Model Selection
The problem
Training error always favors complexity — a more flexible model can always fit the training data at least as well. But out-of-sample, complex models overfit. Model selection asks: how do we choose the right level of complexity?
There are two main approaches: information criteria (penalize the log-likelihood) and cross-validation (directly estimate out-of-sample error).
Information criteria
Both AIC and BIC start from the maximized log-likelihood \(\hat{\ell}\) and add a penalty for the number of parameters \(k\):
\[\text{AIC} = -2\hat{\ell} + 2k\]
\[\text{BIC} = -2\hat{\ell} + k \log n\]
Lower is better. The key difference:
| AIC | BIC | |
|---|---|---|
| Penalty | \(2k\) | \(k \log n\) |
| For \(n > 8\) | Lighter penalty | Heavier penalty |
| Selects | Larger models | More parsimonious models |
| Goal | Best prediction | Consistent model selection |
| Asymptotic property | Minimizes KL divergence to truth | Selects true model (if in candidate set) |
AIC targets prediction — it estimates the out-of-sample KL divergence. BIC targets model identification — as \(n \to \infty\), it selects the true model with probability 1 (if the true model is among the candidates).
Cross-validation
K-fold cross-validation directly estimates the out-of-sample error without distributional assumptions:
- Split data into \(K\) folds.
- For each fold: train on the other \(K-1\) folds, predict on the held-out fold.

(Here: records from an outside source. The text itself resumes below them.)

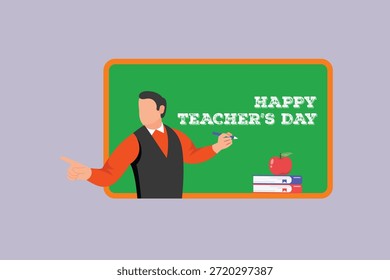  Teacher Day Concept Farbige, flache Vektorgrafik einzeln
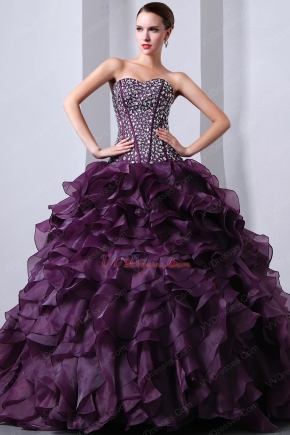 Sweetheart Ruffles Skirt Grape Quinceanera s Dresses Cheap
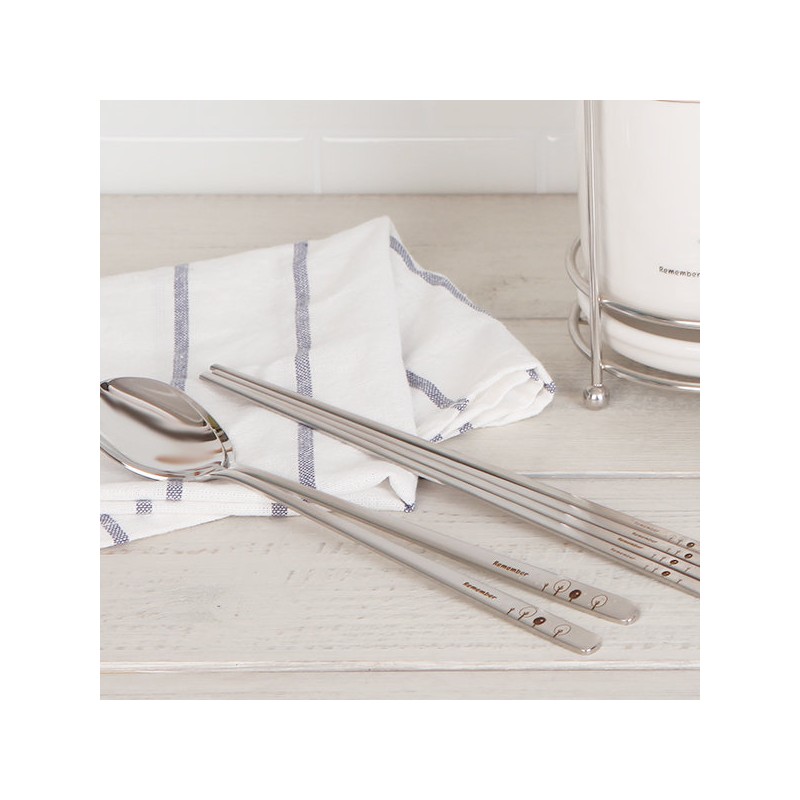 Golden Bell Remember cutlery container + laser cutlery set of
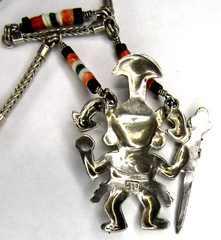 Peru 950 Sterling Silver Multi Stone Inlay Warrior King Pendant Heishi Necklace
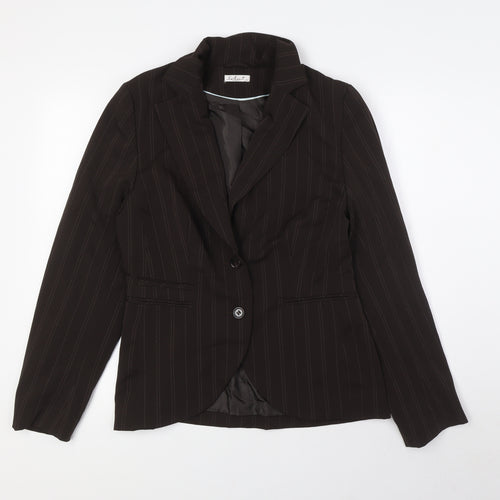 Select Womens Brown Striped Jacket Size 12 Button - Single Button Closure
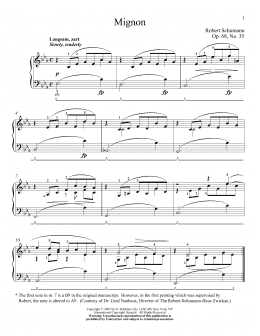 page one of Mignon, Op. 68, No. 35 (Piano Solo)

- Average the prediction errors across folds.
Common choices: \(K = 5\) or \(K = 10\). Leave-one-out CV (\(K = n\)) is approximately equivalent to AIC for linear models.
Simulation
True polynomial DGP of degree \(d\). Fit degrees 1–10. Training error decreases monotonically; test error is U-shaped. AIC and BIC pick different models.
#| standalone: true
#| viewerHeight: 750
library(shiny)
ui <- fluidPage(
tags$head(tags$style(HTML("
.eq-box {
background: #f0f4f8; border-radius: 6px; padding: 14px;
margin-bottom: 14px; font-size: 14px; line-height: 1.9;
}
.eq-box b { color: #2c3e50; }
.match { color: #27ae60; font-weight: bold; }
.coef { color: #e74c3c; font-weight: bold; }
"))),
sidebarLayout(
sidebarPanel(
width = 4,
sliderInput("true_d", "True polynomial degree:",
min = 1, max = 6, value = 3, step = 1),
sliderInput("n", "Sample size (n):",
min = 30, max = 300, value = 80, step = 10),
sliderInput("sigma", HTML("Noise level (σ):"),
min = 0.5, max = 5, value = 1.5, step = 0.5),
actionButton("resim", "New draw", class = "btn-primary", width = "100%"),
uiOutput("results_box")
),
mainPanel(
width = 8,
fluidRow(
column(6, plotOutput("plot_fit", height = "420px")),
column(6, plotOutput("plot_ic", height = "420px"))
),
uiOutput("note_box")
)
)
)
server <- function(input, output, session) {
dat <- reactive({
input$resim
true_d <- input$true_d
n <- input$n
sigma <- input$sigma
# Generate true polynomial coefficients
set.seed(NULL)
true_coefs <- runif(true_d, -1, 1)
x_train <- sort(runif(n, -2, 2))
x_test <- sort(runif(n, -2, 2))
# True function
f_true <- function(x) {
val <- rep(0, length(x))
for (j in seq_along(true_coefs)) {
val <- val + true_coefs[j] * x^j
}
val
}
y_train <- f_true(x_train) + rnorm(n, sd = sigma)
y_test <- f_true(x_test) + rnorm(n, sd = sigma)
max_d <- 10
train_mse <- numeric(max_d)
test_mse <- numeric(max_d)
aic_vals <- numeric(max_d)
bic_vals <- numeric(max_d)
cv_mse <- numeric(max_d)
for (d in 1:max_d) {
fit <- lm(y_train ~ poly(x_train, d, raw = TRUE))
# Training MSE
train_mse[d] <- mean(resid(fit)^2)
# Test MSE
pred_test <- predict(fit, newdata = data.frame(x_train = x_test))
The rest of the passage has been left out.